# B1/B2 visa



## Leo the Lion 🦁 (5 mo ago)

Hi everyone !
I am new comer on this forum.
I wanna some guess or info or something on your experience base.
I have visited Saudi Arabia in 2018, Japan & Qatar in 2019,EU Paris ,Germany ,Prague Vienna in 2022.
But before all these visits I have been refused by US visit visa thrice .
Now I think I have good travel history .
Now I wanna visit USA 🇺🇸,what are chances of getting a visit visa of USA ?please guide me should I apply ?


----------



## Moulard (Feb 3, 2017)

It will depend in part on the reason why your visa was refused..

If it was refused because you "Did not establish eligibility for the visa category being applied for or overcome the presumption of being an intending immigrant" under INA section 214(b) then it is likely that evidence of changes to your circumstance, and the good travel history will help, but the three refusals will definitely mean your application will face more scrutiny than it might otherwise.

The most common reason a visitor visa is refused is because of the presumption of immigrant intent. So you will need to be able to overcome that. Given you mention a B1/B2 I assume that you are looking for a business visa (B1/B2) not just a visitor visa (B2).
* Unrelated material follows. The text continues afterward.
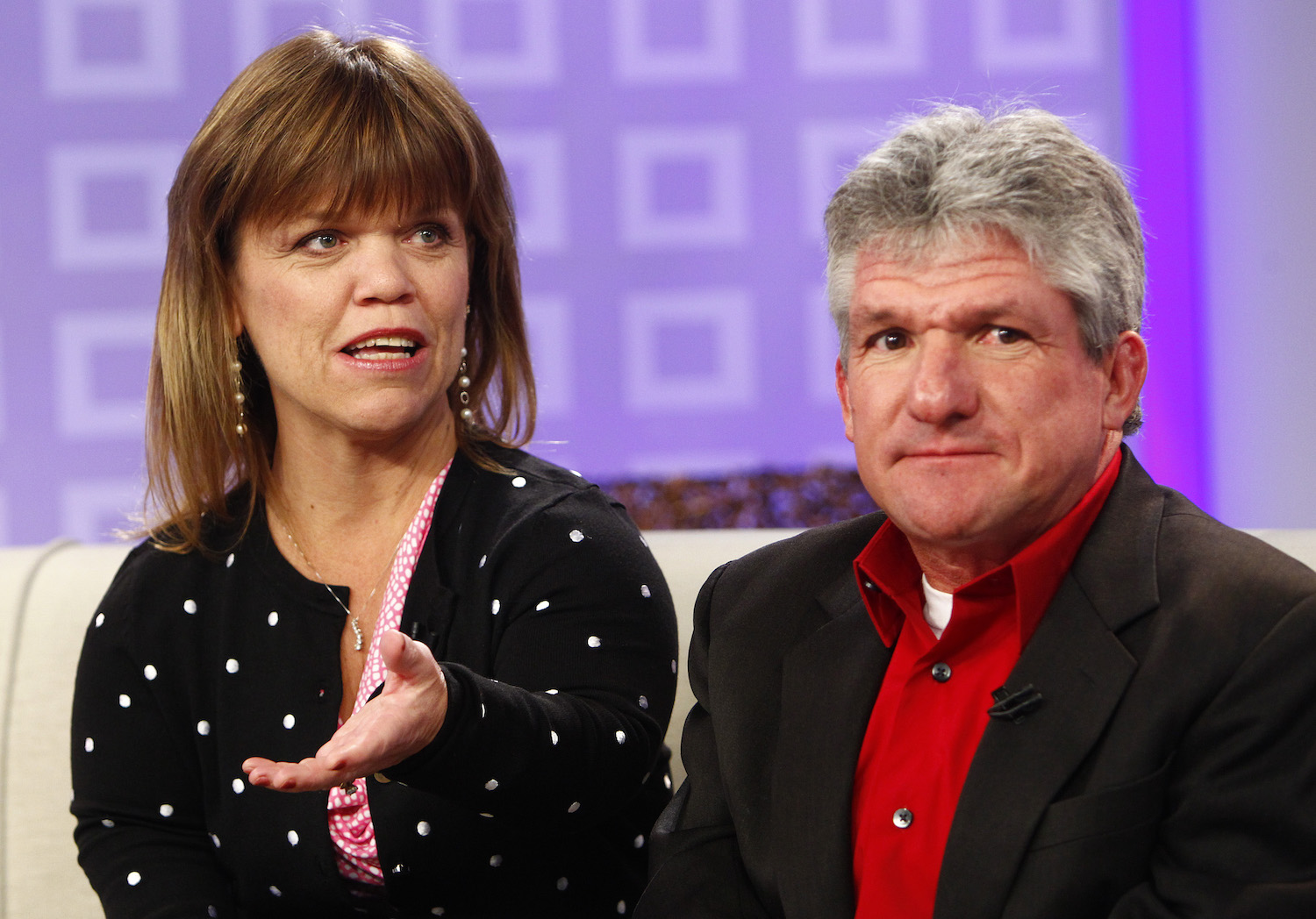 Amy Roloff and Matt Roloff from 'Little People, Big World' sitting and talking on a couch against a purple background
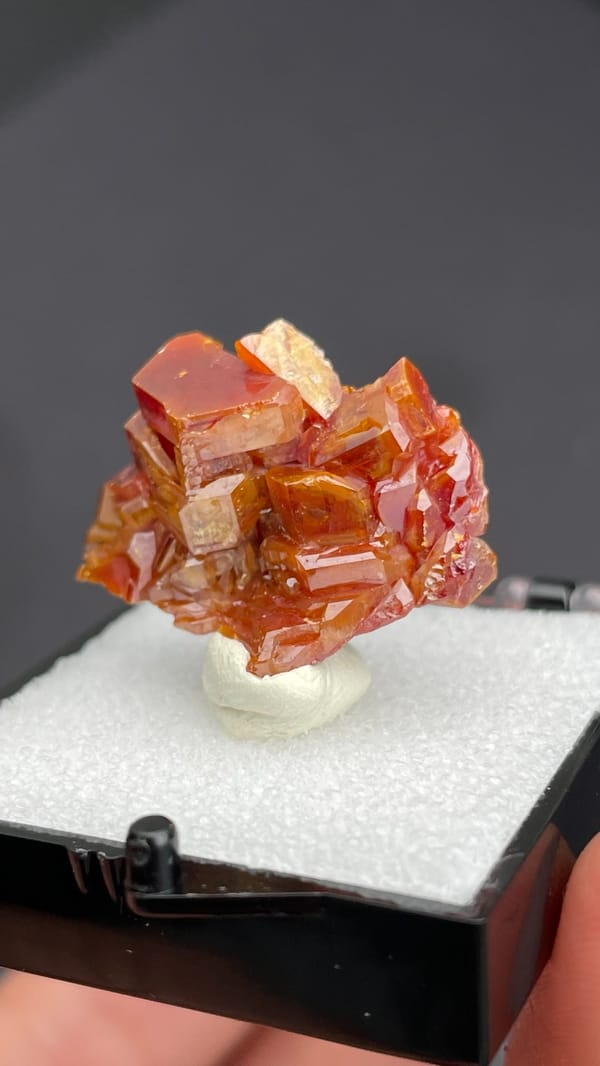 Stacked orange-red vanadinite plates from Morocco, in a display box, close-up of the crystal faces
Make sure that you provide details of 

The purpose of your trip,(ie business itinerary)
Your intent to depart the United States after your trip, and/or (including outbound ticket details)
Your ability to pay all costs of the trip. 
Given the history of refusals, i would include details of your travel history, and perhaps letters from employer stating that they expect you to return to work at the end of the business trip and maybe similar from friends and /or family


----------